La terreur me garda figée sur place. Mon pouls accéléra au point que même le bruit des voitures était à peine audible à cause du battement dans mes tempes.
Du bruit. Dans la maison. Des grincements, des claquements, des murmures. Tout se mélangea dans mon crâne jusqu'à ce que je ne sache plus différencier les divers sons qui perturbait l'air lourd de la nuit.
Une respiration.
Lourde et chaude. Rythmée, saccadée. Sifflante.
Trop proche. Dans mon dos.
Je fermai les yeux. C'était derrière moi. À un mètre, peut-être moins. Je devais courir. Fuir dans ma chambre. M'y barricader pour que ça ne puisse pas entrer.

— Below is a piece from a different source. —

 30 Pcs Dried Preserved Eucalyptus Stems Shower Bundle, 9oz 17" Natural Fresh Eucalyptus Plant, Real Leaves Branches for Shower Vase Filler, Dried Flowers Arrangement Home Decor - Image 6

Pour que ça ne puisse pas m'attraper.
Mon corps agit sans l'accord de mon cerveau. Mon coude partit en arrière, frappant dans quelque chose de dur et mou à la fois, de chaud. Qui gémit. Je ne pris pas le temps de réfléchir et je courus, gardant ma main le long du mur. Je poussai le battant qui claqua contre mon bureau avant que je ne le referme à la volée. Je tâtonnai à la recherche de l'interrupteur.
La soudaine clarté enflamma mes rétines, m'aveuglant brutalement.
Du bruit. Des cris, une course dans la maison, des portes qui claquent.
Ce n'était pas normal.
Je frottai mon coude endolori, posai la main sur la poignée de la porte. Je l'actionnai tout doucement, osant à peine l'entrouvrir. Il y avait de la lumière dans le couloir. La chambre de mes parents était ouverte, illuminée, elle aussi.
Ce n'était pas un cauchemar. Ça n'avait pas été la chose.
J'avais frappé un intrus venu voler mes parents et, maintenant, mon père les chassait de la maison pendant que ma mère appelait la police.
Je me laissai glisser le long de ma porte, étouffant un rire frôlant l'hystérie dans ma main.